Whether the poor little gnatcatchers did not recover from this attack upon their home, and took their nest to pieces to put it up elsewhere, as birds sometimes do; or whether the stealthy wren-tit again crept in like a thief in the night to plunder his neighbor's house, I do not know; but the next time I went to the oak the nest was demolished. It was a sorry ending for what had promised to be such an interesting and happy home.
My poor dove's nest had a tragic end, too. What happened I do not know, but one day the body of a poor little pigeon lay on the ground under the nest. My sympathies went out to both mothers, but especially to the gentle dove, now a mourner, indeed.
IV.
After the wren-tit stole in like a thief in the night and broke up the pretty home of the gnatcatchers, I suspected that they took their house down to put it up again in a safer place, and so was constantly on the lookout to find where that safer place was. At last, one day, I heard the welcome sound of their familiar voices, and following their calls finally discovered them flying back and forth to a high branch on an old oak-tree; both little birds working and talking together. Mind, I do not stake my word on this being the same pair of gnats; but the nest followed closely on the heels of the plundered one, which was a point in its favor, and, being anxious to take up the lines with my small friends again, I let myself think they were the birds of the sand ditch nest. It was such a delight to find them that I deserted the nest I had been watching, and went to spend the next morning with my old friends. The tree they had chosen was a high oak in an open space in the brush, and they were building fifteen or twenty feet above the ground—so high that it was necessary to keep an opera-glass focused on the spot to see what was going on at their small cup.
As the birds worked, I was filled with forebodings by seeing a pair of wren-tits on the premises. They went about in the casual indifferent way sad experience had shown might cover a multitude of evil intentions, and which made me suspect and resent their presence. How had they found the poor little gnats? It was not hard to tell. How could they help finding such talkative fly-abouts? But if birds are in danger from all the world, including those who should be their comrades and champions, why should not builders keep as still at the nest as brooding birds, instead of heedlessly giving information to observers that lurk about taking notes for future misdeeds?
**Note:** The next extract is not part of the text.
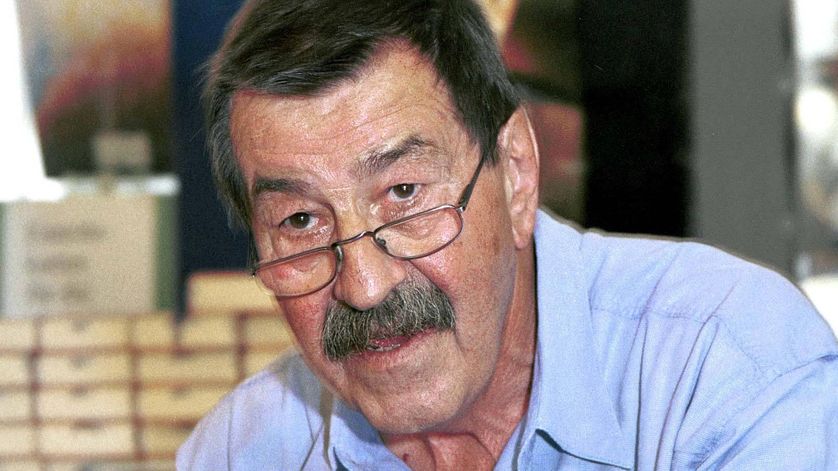 Günther Grass en 1999.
But then, could gnatcatchers keep still anywhere at any time? No, that was not to be hoped for. I could only watch the little chatterers from hour to hour and be thankful for every day that their home was unmolested.
It was interesting to see how the jaunty indifferent gnats would act when settling down to plain matters of business. Strange to say, they proved to be the most energetic, tireless, and skillful of builders. Their floor had been laid—on the branch—before I arrived on the scene, and they were at work on the walls. The plan seemed to be twofold, to make the walls compact and strong by using only fine bits of material and packing them tightly in together; while at the same time they gave form to the nest and kept it trim and shipshape by moulding inside, and smoothing the rim and outside with neck and bill. Sometimes the bird would smooth the brim as a person sharpens a knife on a whetstone, a stroke one way and then a stroke the other. When the sides were not much above the floor, one bird came with a bit of material which it proceeded to drill into the body of the wall. It leaned over and threw its whole weight on it, almost going head first out of the nest, and had to flutter its wings to recover itself. The birds usually got inside to build, but there was a twig beside the nest that served for scaffolding, and they sometimes stood on that to work at the outside.
At first they seemed to take turns at building, working rapidly and changing places quite regularly; but one morning when seated under the oak I saw that things were not as they had been. Perhaps a difference of opinion had arisen on architectural points, and Mrs. Gnatcatcher had taken matters into her own hands. At all events, this is what happened: instead of rapid changes of place, when one of the gnats was at work its mate flew up and started to go to the nest, hesitated, and backed away; then unwilling to give up having a finger in the pie, advanced again. This was kept up till the little bird put its pride in its pocket, and gently gave over its cherished bit of material to its mate at the nest!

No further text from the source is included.